Scope and Objectives

The development of computational algorithms for the analysis of anatomical/structural medical images depicting only a snapshot of the living tissue has been the primary focus of past MICCAI proceedings and workshops. Medical imaging modalities that capture changes in living tissue with time are becoming more prevalent and provide a valuable source of knowledge about tissue and organ processes and physiology. This workshop provides a venue for presenting the latest advances in mathematical techniques and computational algorithms for extracting clinically relevant information from functional and time-varying medical image data.


Contributions are solicited in, but are not limited to, the following areas:

  • Novel algorithms for processing and analysis of functional medical image data, including denoising, enhancement, restoration, clustering, segmentation, tracking, matching, registration, fusion, and kinetic modeling.
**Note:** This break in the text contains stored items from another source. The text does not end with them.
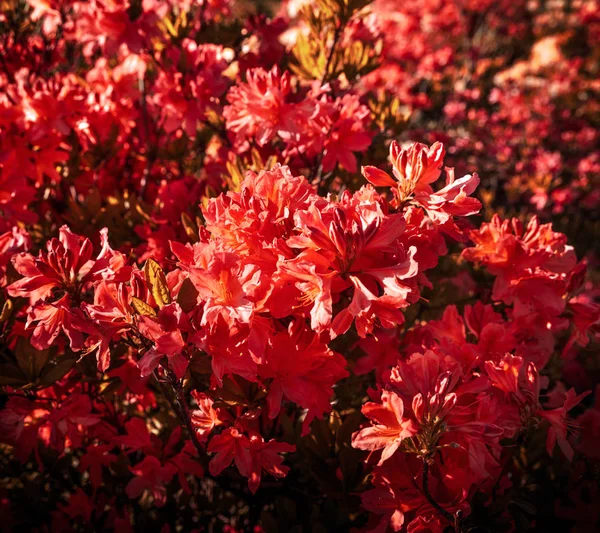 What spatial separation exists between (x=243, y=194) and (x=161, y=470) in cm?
90

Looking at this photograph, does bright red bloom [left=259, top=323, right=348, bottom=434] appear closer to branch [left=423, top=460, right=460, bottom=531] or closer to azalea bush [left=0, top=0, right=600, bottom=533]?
azalea bush [left=0, top=0, right=600, bottom=533]

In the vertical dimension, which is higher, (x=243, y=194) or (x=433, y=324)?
(x=243, y=194)

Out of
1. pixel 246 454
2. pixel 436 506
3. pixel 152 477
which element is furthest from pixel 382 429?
pixel 152 477

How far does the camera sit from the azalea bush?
102cm

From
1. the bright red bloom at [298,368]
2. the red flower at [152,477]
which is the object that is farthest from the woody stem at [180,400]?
the red flower at [152,477]

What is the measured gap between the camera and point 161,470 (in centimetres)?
153

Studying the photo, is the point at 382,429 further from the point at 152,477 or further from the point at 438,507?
the point at 152,477

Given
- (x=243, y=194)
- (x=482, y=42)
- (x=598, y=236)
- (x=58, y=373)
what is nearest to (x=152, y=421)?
(x=58, y=373)

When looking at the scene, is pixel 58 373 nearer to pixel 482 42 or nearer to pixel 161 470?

  • Methods for information extraction from functional medical image modalities including positron emission tomography (PET), single photon emission computed tomography (SPECT), functional magnetic resonance imaging (fMRI), dynamic contrast-enhanced MRI (DCE MRI), tagged MRI, phase contrast MRI, flow imaging, ultrasound, and from multi-modal data fused with other signals such as MEG or EEG.

  • Functional medical image computing algorithms (computational physiology) for quantification and analysis of electro-physiological signals, motion patterns, tracer uptake and tissue kinetics, perfusion, flow, activation patterns, responses to stimuli, progress of pathology or treatments, and other processes related to cardiac, neural, musculoskeletal, renal, blood and other organs, tissues, and fluids at a variety of scales of molecular, cellular, tissue, organ, and whole body imaging.